Archive for October, 2012

Sea Fishing in Ireland, Hit and Run Bass

Sunday, October 28th, 2012

Fishing like life has its routines, many of them centering around tides and weather. Successful bass fishing requires top quality fresh bait, and if your chosen location is a south Wexford strand located somewhere between Carnsore point west to Cullenstown then don’t hit the beach without procuring lugworm. 11.00am on a glorious frosty Saturday morning found yours truly digging away on a favourite strand. Lugworm were plentiful, however a blinding glare from the sun, fast nearing its winter low, made spotting the worms difficult.

Sea fishing in Ireland, digging lugworm on a sheltered strand.

Fresh black lug and south Wexford bass go together like strawberries and cream, Clive Gammon in his fabulous book Salt Water Fishing in Ireland, first published in 1966, endorsed this view and the bass have not changed their dietary habits since. Equally, although they will take a bait during daylight hours, especially if there is a sea running, far better to commence a session as dusk is drawing in, fishing on into the dark. With ample juicy lugworms now in the bucket why spoil a good routine, off to the Strand Bar for a lunchtime reviver, gourmet cheese burger with chunky fries washed down with a pint of uncle Arthur’s, mmmmm.

Sea fishing in Ireland, a bucket of lugworm.

Neap tides, a bright blue cloudless sky, and a light north west breeze create far from ideal surf casting conditions in south Wexford. Faced with a lifeless sea devoid of the fizz generated by a big tide combined with a south westerly, twin lug baited paternosters were cast fifty meters into the gutter as dusk fell. Bites initially were slow, a dogfish and a small plaice all that showed within the first hour.
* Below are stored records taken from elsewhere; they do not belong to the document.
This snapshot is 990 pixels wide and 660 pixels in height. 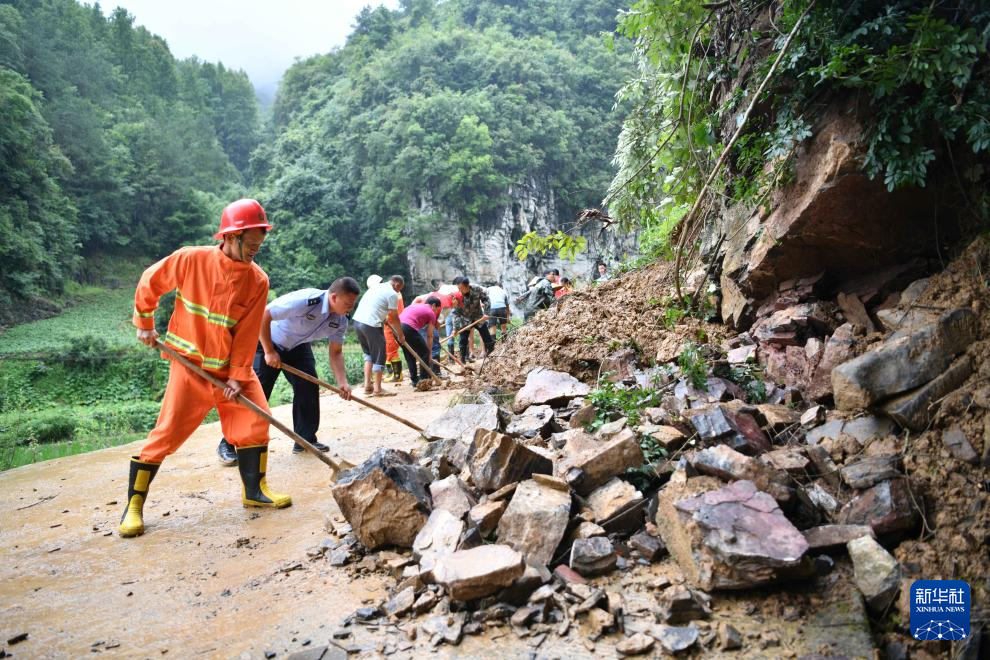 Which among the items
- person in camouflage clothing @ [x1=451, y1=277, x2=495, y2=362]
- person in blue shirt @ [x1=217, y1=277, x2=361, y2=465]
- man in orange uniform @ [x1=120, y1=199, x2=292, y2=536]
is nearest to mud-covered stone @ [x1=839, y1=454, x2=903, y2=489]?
man in orange uniform @ [x1=120, y1=199, x2=292, y2=536]

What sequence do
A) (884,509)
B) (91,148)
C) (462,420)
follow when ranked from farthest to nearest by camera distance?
1. (91,148)
2. (462,420)
3. (884,509)

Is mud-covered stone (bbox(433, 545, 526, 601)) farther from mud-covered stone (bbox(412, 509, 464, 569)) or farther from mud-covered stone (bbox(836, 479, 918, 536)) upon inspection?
mud-covered stone (bbox(836, 479, 918, 536))

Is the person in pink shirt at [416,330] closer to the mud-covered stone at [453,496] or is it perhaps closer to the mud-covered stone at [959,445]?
the mud-covered stone at [453,496]

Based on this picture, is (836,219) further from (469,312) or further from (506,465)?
(469,312)

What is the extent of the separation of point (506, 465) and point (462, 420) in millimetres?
1694

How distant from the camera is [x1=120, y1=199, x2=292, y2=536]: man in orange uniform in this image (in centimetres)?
339

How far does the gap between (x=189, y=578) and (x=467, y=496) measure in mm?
1448

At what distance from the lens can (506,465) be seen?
9.77 ft

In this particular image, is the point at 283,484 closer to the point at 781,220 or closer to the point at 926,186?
the point at 781,220

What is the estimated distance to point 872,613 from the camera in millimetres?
2096

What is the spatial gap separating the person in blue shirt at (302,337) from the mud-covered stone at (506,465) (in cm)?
194

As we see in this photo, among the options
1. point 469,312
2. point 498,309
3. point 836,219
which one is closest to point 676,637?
point 836,219

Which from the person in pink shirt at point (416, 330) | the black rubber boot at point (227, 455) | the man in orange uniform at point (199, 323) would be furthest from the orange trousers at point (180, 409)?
the person in pink shirt at point (416, 330)

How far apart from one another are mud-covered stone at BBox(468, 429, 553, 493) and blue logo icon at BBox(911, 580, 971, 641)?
1.63m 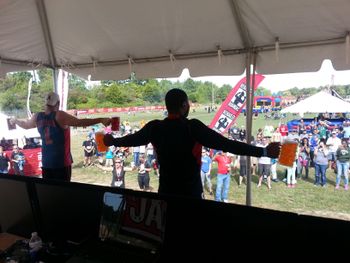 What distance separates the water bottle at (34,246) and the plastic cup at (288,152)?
4.14 ft

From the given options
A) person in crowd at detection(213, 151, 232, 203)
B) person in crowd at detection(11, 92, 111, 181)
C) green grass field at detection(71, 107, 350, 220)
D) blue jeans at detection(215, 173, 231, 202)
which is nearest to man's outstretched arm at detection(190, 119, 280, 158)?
person in crowd at detection(11, 92, 111, 181)

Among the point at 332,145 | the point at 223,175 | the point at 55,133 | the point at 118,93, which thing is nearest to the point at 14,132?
the point at 223,175

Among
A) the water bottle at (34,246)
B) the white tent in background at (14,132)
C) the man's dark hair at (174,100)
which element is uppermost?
the man's dark hair at (174,100)

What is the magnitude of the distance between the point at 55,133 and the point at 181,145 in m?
1.40

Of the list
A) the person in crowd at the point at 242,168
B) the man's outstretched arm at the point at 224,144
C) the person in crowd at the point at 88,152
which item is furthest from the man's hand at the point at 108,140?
the person in crowd at the point at 88,152

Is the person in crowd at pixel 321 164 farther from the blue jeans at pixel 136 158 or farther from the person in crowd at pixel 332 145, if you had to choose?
the blue jeans at pixel 136 158

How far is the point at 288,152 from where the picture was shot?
66.2 inches

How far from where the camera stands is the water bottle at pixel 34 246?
1067 millimetres

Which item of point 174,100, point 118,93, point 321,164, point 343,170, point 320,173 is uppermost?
point 118,93

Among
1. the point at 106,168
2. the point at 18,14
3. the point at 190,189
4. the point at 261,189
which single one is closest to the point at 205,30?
the point at 190,189

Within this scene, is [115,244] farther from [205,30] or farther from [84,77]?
[84,77]

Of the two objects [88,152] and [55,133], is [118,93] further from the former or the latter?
[55,133]

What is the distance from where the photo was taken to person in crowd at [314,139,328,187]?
7516 millimetres

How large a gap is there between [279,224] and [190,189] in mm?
1040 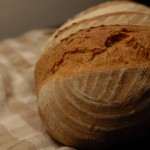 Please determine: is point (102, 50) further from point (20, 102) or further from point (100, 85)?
point (20, 102)

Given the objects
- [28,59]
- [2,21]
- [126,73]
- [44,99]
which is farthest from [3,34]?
[126,73]

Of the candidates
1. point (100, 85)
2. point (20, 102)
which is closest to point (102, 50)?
point (100, 85)

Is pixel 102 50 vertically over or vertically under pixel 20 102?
over

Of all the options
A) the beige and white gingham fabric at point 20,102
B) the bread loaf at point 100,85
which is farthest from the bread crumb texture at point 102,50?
the beige and white gingham fabric at point 20,102

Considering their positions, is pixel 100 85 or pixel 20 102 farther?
pixel 20 102

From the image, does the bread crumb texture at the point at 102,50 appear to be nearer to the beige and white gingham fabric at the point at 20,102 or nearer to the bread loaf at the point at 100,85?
the bread loaf at the point at 100,85

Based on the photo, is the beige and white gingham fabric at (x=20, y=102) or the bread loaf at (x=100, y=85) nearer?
the bread loaf at (x=100, y=85) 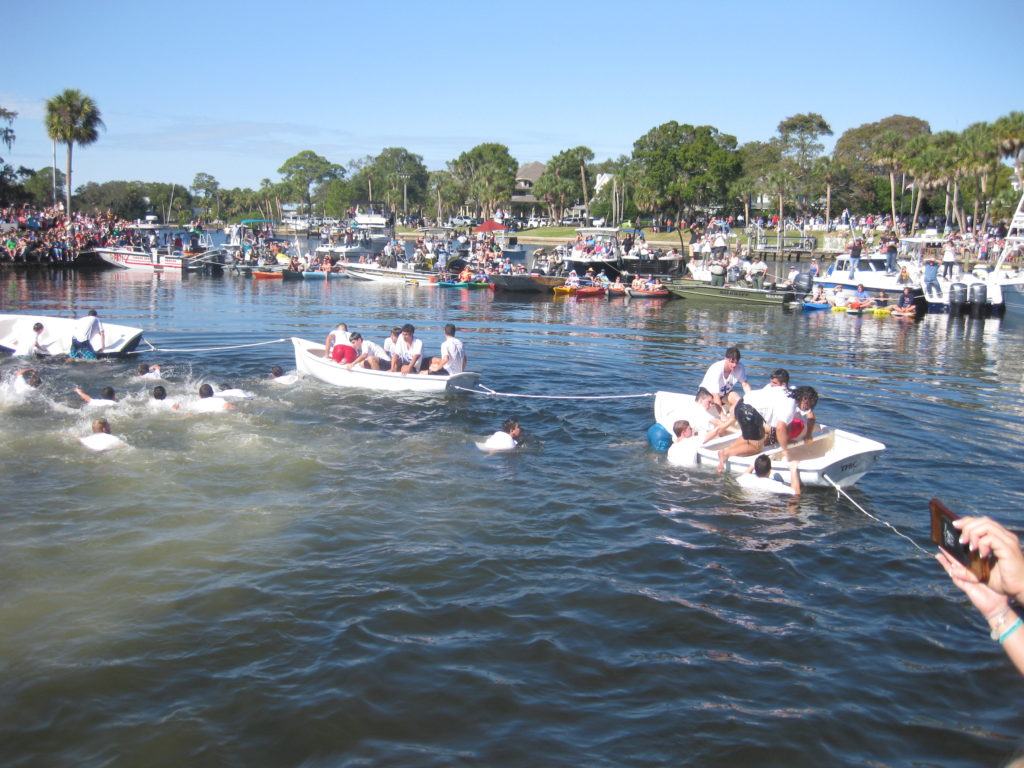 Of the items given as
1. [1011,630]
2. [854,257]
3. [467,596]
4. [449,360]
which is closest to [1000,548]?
[1011,630]

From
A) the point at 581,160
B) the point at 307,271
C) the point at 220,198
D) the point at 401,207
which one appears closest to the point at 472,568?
the point at 307,271

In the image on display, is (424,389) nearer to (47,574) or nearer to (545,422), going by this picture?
(545,422)

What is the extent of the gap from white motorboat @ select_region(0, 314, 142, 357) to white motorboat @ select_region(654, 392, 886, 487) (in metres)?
17.0

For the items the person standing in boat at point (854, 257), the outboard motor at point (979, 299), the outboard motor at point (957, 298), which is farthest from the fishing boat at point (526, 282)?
the outboard motor at point (979, 299)

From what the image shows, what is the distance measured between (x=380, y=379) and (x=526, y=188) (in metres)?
124

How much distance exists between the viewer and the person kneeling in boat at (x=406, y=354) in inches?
709

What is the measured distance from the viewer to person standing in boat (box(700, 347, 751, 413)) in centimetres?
1434

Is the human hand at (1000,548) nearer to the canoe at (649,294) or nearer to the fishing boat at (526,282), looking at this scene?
the canoe at (649,294)

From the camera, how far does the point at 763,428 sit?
12.4 meters

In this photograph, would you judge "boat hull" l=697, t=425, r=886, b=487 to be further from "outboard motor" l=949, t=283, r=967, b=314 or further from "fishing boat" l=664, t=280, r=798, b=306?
"fishing boat" l=664, t=280, r=798, b=306

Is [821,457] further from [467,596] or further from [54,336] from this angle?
[54,336]

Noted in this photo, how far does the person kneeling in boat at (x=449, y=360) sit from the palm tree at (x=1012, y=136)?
171 ft

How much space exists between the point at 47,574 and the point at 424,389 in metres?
9.60

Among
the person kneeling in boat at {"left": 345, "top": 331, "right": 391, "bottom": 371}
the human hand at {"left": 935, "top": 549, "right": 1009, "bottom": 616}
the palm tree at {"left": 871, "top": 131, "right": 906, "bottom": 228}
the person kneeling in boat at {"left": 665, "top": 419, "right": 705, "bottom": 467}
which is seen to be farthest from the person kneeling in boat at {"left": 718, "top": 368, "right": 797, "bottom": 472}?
the palm tree at {"left": 871, "top": 131, "right": 906, "bottom": 228} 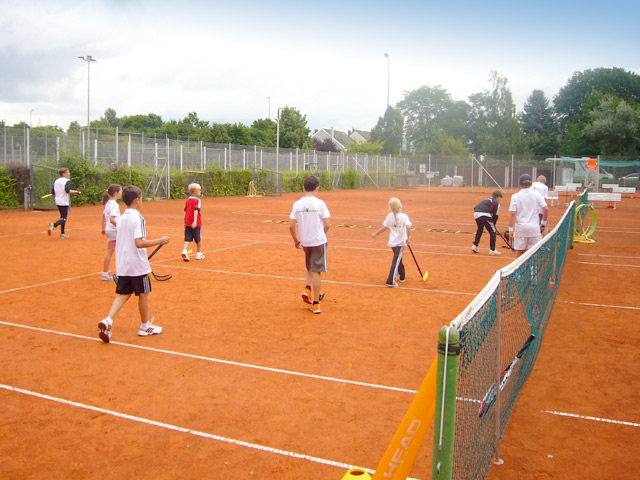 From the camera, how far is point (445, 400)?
9.29ft

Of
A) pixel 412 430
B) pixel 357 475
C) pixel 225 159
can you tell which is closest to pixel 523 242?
pixel 357 475

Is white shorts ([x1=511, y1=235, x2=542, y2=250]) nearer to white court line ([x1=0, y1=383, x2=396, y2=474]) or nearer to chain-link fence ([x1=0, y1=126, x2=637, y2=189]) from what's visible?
white court line ([x1=0, y1=383, x2=396, y2=474])

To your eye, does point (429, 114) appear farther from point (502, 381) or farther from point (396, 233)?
point (502, 381)

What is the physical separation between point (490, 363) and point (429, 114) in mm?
103275

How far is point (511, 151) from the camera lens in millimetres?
79812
Sea fishing in Ireland, Surf casting in Co. Wexford.

It was good to see groups of anglers on the strand, bass fishing of late has been steady, lots of schoolies with a smattering of larger fish to make it interesting. Frosty weather attracts cod though, and for sure a plump Gadus or two wouldn’t go amiss tonight, the calm sea and small tide unfortunately dictating otherwise. Now dark and with headlight trained on reflective rod tips, one jags down and bounces back up. Surf pole instantly in hand, reeling and stepping back to tighten any slack line, a thump registers through the carbon, leaning hard, a solid resistance, fish on.

Sea fishing in Ireland, School bass.

Funny how in the dark a fishes initial surge creates a false impression of weight, bass though are doughty, speedy fighters so even a small one, especially in the surf line feels bigger than it is. Running 1.5 – 2.0 pounds, between 18.30- 20.00pm seven schoolies hit the rods, all lip hooked and returned they are tomorrows lunkers if protected. Plump and in great nick, bristly and indignant while being unhooked, they skitter off through the back wash on release giving a seemingly two fingered gesture with their tails. Bass, a fish with attitude……….

Click on: For further information on beach fishing in South Wexford, Ireland.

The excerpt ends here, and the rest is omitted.